Yesterday, I received some bad news about someone on our team. It has nothing to do with health, or any other external circumstance, thank goodness. Rather, the news is that their role, and the hours worked, need to change because of some external factors.
This post will explain the things I did the last twenty-four hours to deal with the change. My preferred course would be for this person to stay in their position as is. This transition is not preferable for me, but out of care for them, I have to find a mutual path forward.
Isn’t that what leaders do?
First lesson: I have been taught that anger can be an emotion that covers up either fear or sadness. In fact, I have frequently written this blog about how I find it helpful to ask myself what am I afraid about, or sad about, when I feel angry. In this situation I feel both fear and sadness. I fear losing a top performer in the position they are in and I am saddened to lose them as well. Acknowledging this has been helpful because I am not really angry about the situation. What I am feeling is a little fear and probably more than a little sadness. Yet, I was acting angry yesterday afternoon when I learned about it, so this clarification helped.
Second, something I heard Colin Powell advise in a talk that I attended years ago helped me yesterday when I learned about the situation. The line was this: “Things will look different in the morning.” I think what Colin was pointing out was that our minds can think more clearly after a good night’s sleep. So, after thinking about this news for several hours, I put it in the “Do Not Disturb” part of my brain and went home. Confession: this part of my brain has a VERY WEAK door, meaning things usually do not stay in there long! This is why I could not stop here.
Three, I shared all of the above, especially my emotions, with my wife, Sarah. I am a verbal processor, so Sarah hears it all! I am the complete opposite of most guys that I know in that I have to talk things out. Otherwise, my thinking will go into over-drive (and the door of the “Do Not Disturb” portion of my brain will be blown off its hinges). Had I been on the road yesterday, I would have had to journal about the situation to get it out of my mind. The point here is that until I talk about it, or write about it, I will think about it. This may be the one thing you take from this post: get whatever is in your mind onto a piece of paper, or talk about it with a trustworthy person.
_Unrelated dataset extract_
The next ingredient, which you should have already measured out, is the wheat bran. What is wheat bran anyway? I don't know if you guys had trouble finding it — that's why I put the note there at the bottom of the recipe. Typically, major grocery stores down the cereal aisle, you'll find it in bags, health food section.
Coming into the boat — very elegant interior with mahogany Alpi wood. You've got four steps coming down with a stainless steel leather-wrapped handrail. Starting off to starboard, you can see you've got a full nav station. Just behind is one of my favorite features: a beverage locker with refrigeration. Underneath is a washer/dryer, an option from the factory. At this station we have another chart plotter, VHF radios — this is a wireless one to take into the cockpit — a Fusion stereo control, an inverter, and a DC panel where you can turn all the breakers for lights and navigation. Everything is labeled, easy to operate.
This will help settle your brain and will help you think clearly about an issue.
Fourth, I prayed about the situation. This is not a token gesture, I pray multiple times a day. So, with Sarah, I prayed through the acronym I use (C – confess, H – honor God, A – ask God for help, T – Thanksgiving). I confessed my fear, and even my lack of faith. I also confessed my selfishness, meaning I had only been thinking about the situation from MY perspective, not this person’s needs. I asked for wisdom. I also asked God to bless this person and give them wisdom to handle the troubling external situation they were in. Finally, I thanked God that this was the problem I was dealing with. What I mean by that is that this person is a great person on our team, and the problem is not a health problem, or something really dire. So while it is still a problem, it is one that can be dealt with.
Fifth, after prayer, I drank a glass of good wine with Sarah and watched a light-hearted T.V. show to wind down. Do not miss this step, especially the wine!
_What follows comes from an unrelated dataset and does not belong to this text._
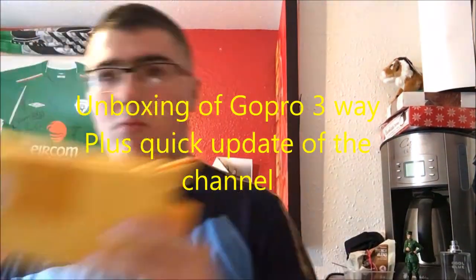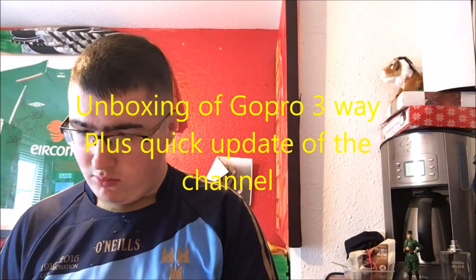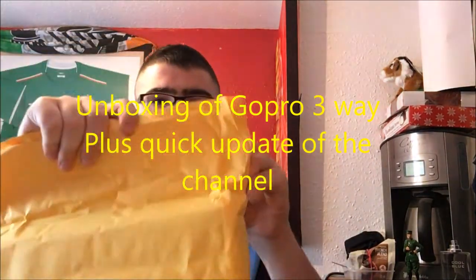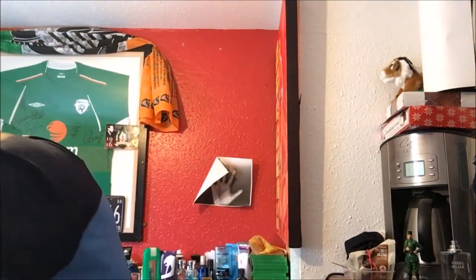Hello and welcome to an unboxing video — this is kind of a two-month update. First, I was going to say this is an unboxing of a GoPro-free clone kind of thing I just got, and I was going to say I'm going to be uploading for 10 days.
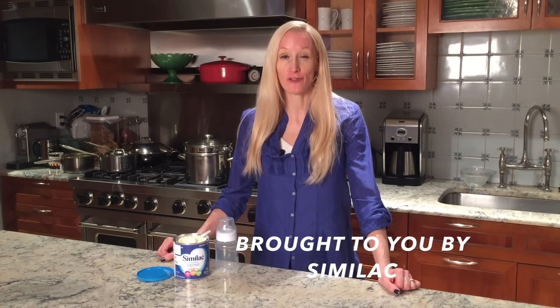Hi everybody, Melissa here from CloudMom.com to answer questions you might have about how to prepare your baby's bottle. Before I had my first baby, I remember being super intimidated by the idea of how to prepare their bottle. So today, I'm going to walk you guys through step by step so that this becomes second nature for you.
Sixth, I got up bright and early the following day, did my Bible reading, prayed again, and then went to the gym. I worked out hard, which allowed me to further get out of my mind. I had music blaring and got in a good sweat. An hour later, I was ready to tackle the day.
Finally, I went to work.
You know what? Things DID look different than the day before.
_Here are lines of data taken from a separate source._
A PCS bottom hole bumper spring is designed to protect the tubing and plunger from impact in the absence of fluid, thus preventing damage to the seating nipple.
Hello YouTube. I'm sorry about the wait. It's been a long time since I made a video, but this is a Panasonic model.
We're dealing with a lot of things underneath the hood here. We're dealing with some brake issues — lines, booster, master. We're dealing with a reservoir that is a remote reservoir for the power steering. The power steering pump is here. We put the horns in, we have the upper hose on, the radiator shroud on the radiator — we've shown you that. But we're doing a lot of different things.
I do not know how this whole scenario will play out, but I wanted to use this week’s post to share what I have done the last twenty-four hours to process this “bad” news. I use quotation marks because after doing all the things listed above, I have gained some perspective. While I do not prefer this news, it is not the worst kind. In fact, I think there is a mutual path forward where everyone will win.
Thank God for his wisdom.
I will eventually talk to the person I am keeping confidential. I will close by saying this process has allowed me to get back to a place where I am FOR them and not against them. Yesterday, I was in a place of fear and sadness that would have shown up in anger had we talked then. That would not have ended well. I am praying I can lead myself through the fear and sadness, with the Power of God, and build this person up as we, together, figure out what the next steps are.